The next day, Scott tested his message at the Charleston County Republican Party's monthly meeting. Mark Hartley, county GOP chairman at the time, was there. He approached Scott after the meeting.
"We prayed he would make the right decision," Hartley said in a Feb. 27 interview with The Post and Courier. "And then, we asked the Lord to give him the strength to follow-through."
When word got out that a young, Black Republican was interested in running for an open seat on Charleston County Council, the leader of the state GOP requested a meeting. Scott agreed, and drove to Columbia.
Not only did the party promise to spend $5,000 on Scott's campaign — the maximum allowed under state law — it was the most the party had ever given to any candidate running for a county council seat.
"This is going to be just one more nail in the Democrats' coffin," state party Chairman Henry McMaster, now South Carolina governor, declared at a pro-Scott press conference.
Plus, if Scott won, he would be the first Black Republican to hold an elected office in South Carolina since Georgetown County school teacher John Bolts joined the state House of Representatives in 1902.
Scott won in a landslide over Democrat Floyd Craven, a code inspector for the city of North Charleston, by an 80 percent to 20 percent margin.
The win also helped quiet a long-simmering debate about local elections where Democrats argued Black candidates were struggling to get elected countywide. But Scott's overwhelming special election win against a White Democratic opponent gave Republicans reason to celebrate a rebuttal they hoped would end the push for single-member districts.
Big endorsements came from Republicans, including Gov. David Beasley; U.S. Rep. Arthur Ravenel Jr.; and Reuben Greenberg, Charleston's first Black police chief. A handwritten note of congratulations followed from U.S. Sen. Strom Thurmond, the South Carolina Republican who had run for president on a pro-segregation Dixiecrat platform in 1948.

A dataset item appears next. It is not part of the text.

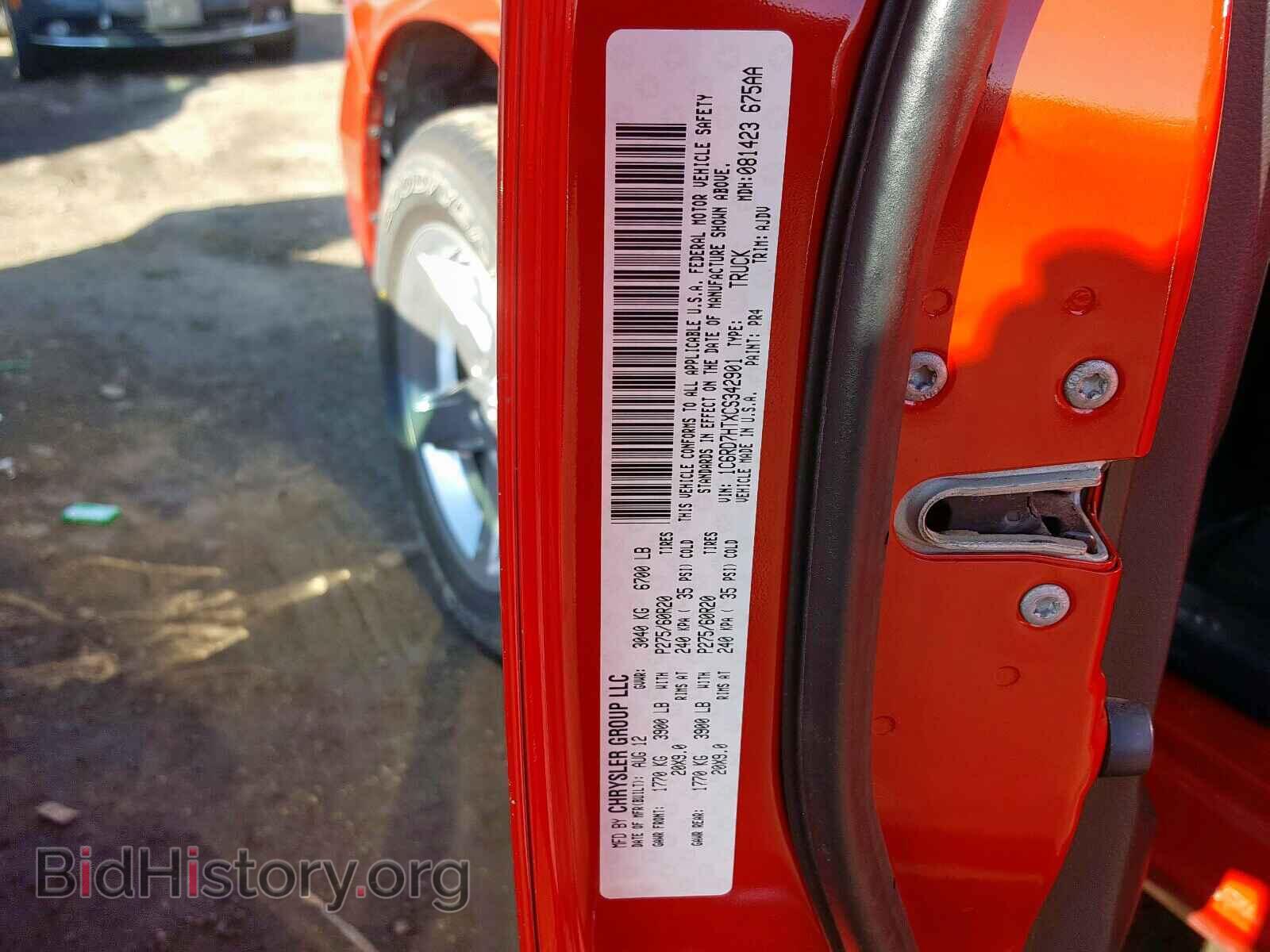 2012 DODGE RAM 1500 S - VIN: 1C6RD7HTXCS342901 - Photo 10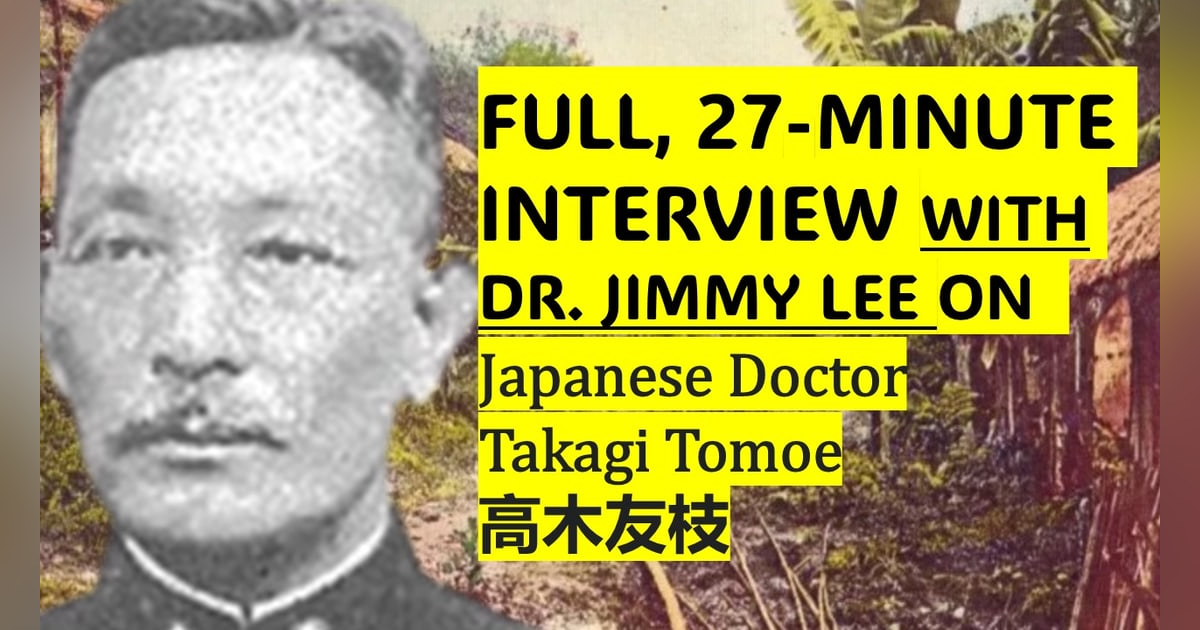 EXTRA FOR HARDCORE LISTENERS! Hear the entire story of Japanese doctor Takagi Tamoe in this unedited, 27-minute version EXTRA FOR HARDCORE LISTENERS! Hear the entire story of Japanese doctor Takagi Tamoe in this unedited, 27-minute version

In his campaign, Scott highlighted his fiscal conservative beliefs, telling voters he favored zero-based budgeting where the county would have to justify every dollar it spent.
He also talked about the need to create tax incentive packages as a way to generate jobs in the wake of the federal government's plans to close the Charleston Navy Base.
Trey Walker, the-then executive director of the S.C. Republican Party and now McMaster's chief of staff, declared in a letter to the editor: "Tim Scott is part of a new generation of young dynamic conservatives seeking office as Republicans."
Eighteen days after his election, Scott hosted a press conference for former United Nations Ambassador Alan Keyes, a Black Republican and perennial candidate who sought the GOP presidential nomination in 1996, 2000 and 2008. Four months after that, Scott accepted a leading role recruiting minority supporters for presidential candidate Bob Dole's campaign in South Carolina. And nine months after his win, Scott became a statewide co-chairman for Thurmond's re-election bid.
Asked how he could support a segregationist, Scott said his answer came down to redemption.
He insisted that Thurmond's views on race had evolved and told The New York Times, "The Strom Thurmond I knew had nothing to do with that."
Less than six months into his first term on Charleston County Council, Scott was already eyeing his next political opportunity.
He'd make it official the following January, with less than 11 months of political experience to his name.
1996, a losing year
The race for a seat in the South Carolina Senate promised to be a duel between two of the area's more visible elected Black officials: Tim Scott, the young Republican in a hurry, and Democrat Robert Ford.
The district was 60 percent Black and voted heavily for Democrat Bill Clinton in the 1992 presidential election. And Ford was a familiar name. He was elected after some 18 years serving on Charleston City Council.
None of this deterred the 30-year-old Scott as he announced his candidacy on Martin Luther King Jr.'s birthday.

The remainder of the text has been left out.